▸ Task brief:
All of the data should be repeated exactly; pictures are not part of the copy.

[Opening Given information section]

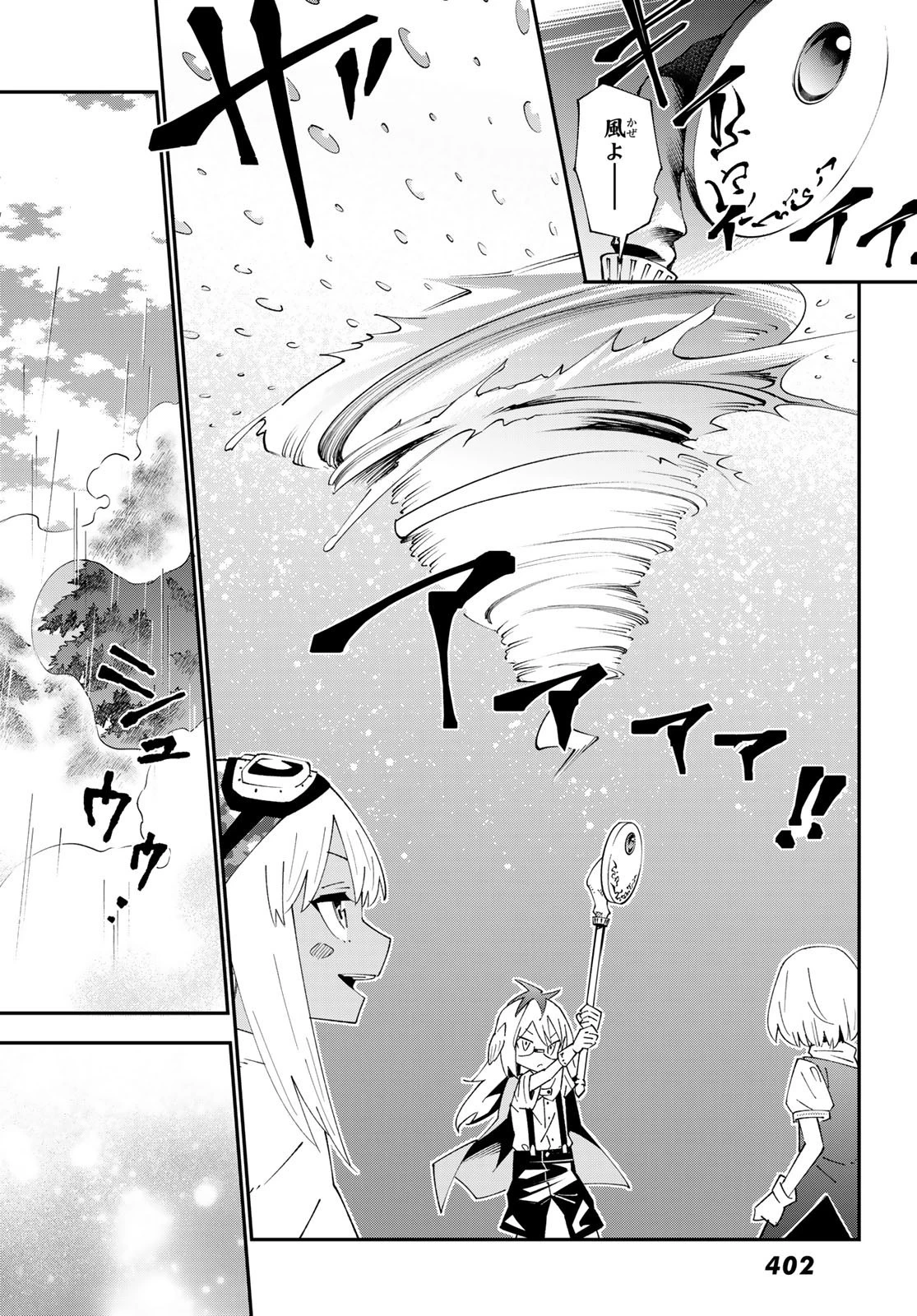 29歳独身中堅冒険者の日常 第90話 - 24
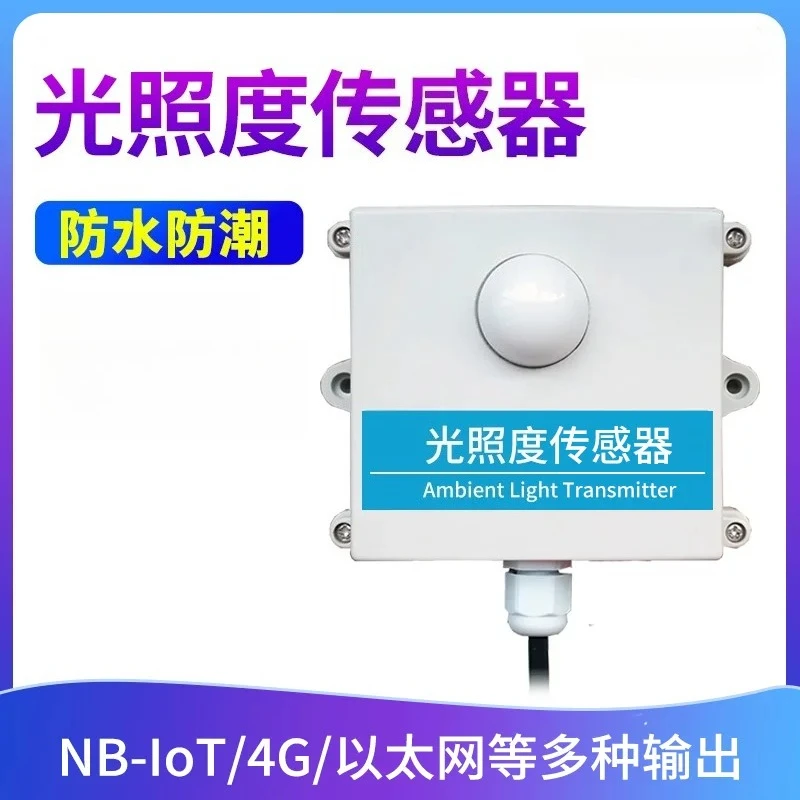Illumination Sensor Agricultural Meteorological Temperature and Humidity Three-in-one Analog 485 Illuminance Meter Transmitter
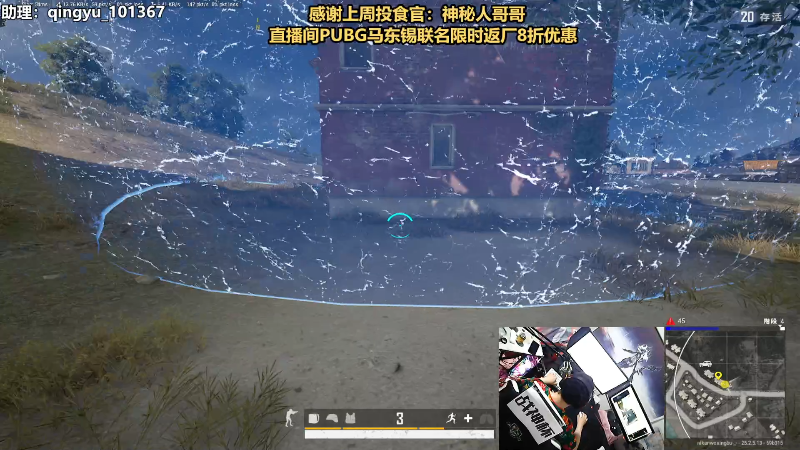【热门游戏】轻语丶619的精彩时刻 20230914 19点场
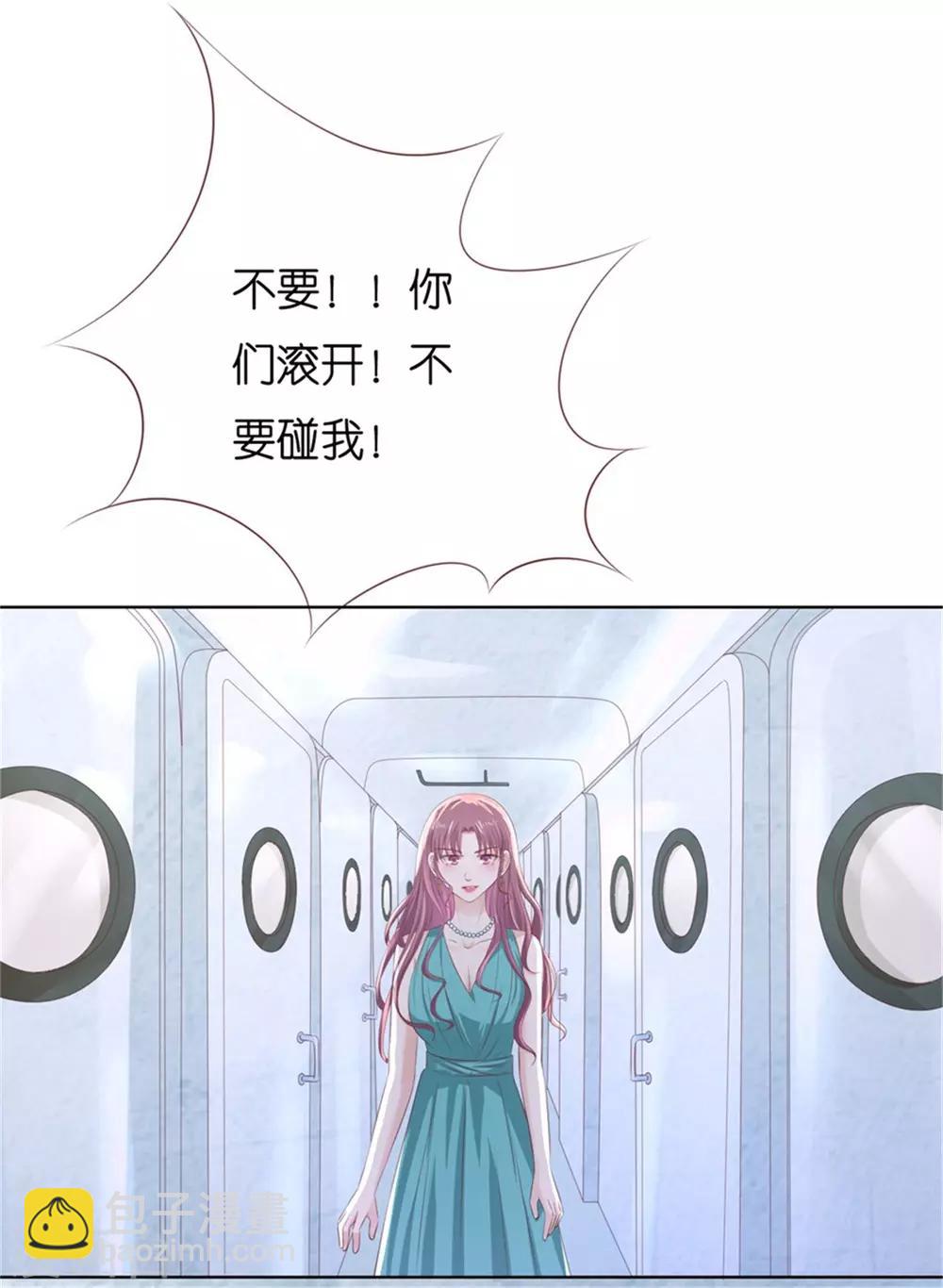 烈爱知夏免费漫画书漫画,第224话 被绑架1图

[Closing Given information section]

▸ Result:
 29歳独身中堅冒険者の日常 第90話 - 24
Illumination Sensor Agricultural Meteorological Temperature and Humidity Three-in-one Analog 485 Illuminance Meter Transmitter
【热门游戏】轻语丶619的精彩时刻 20230914 19点场
 烈爱知夏免费漫画书漫画,第224话 被绑架1图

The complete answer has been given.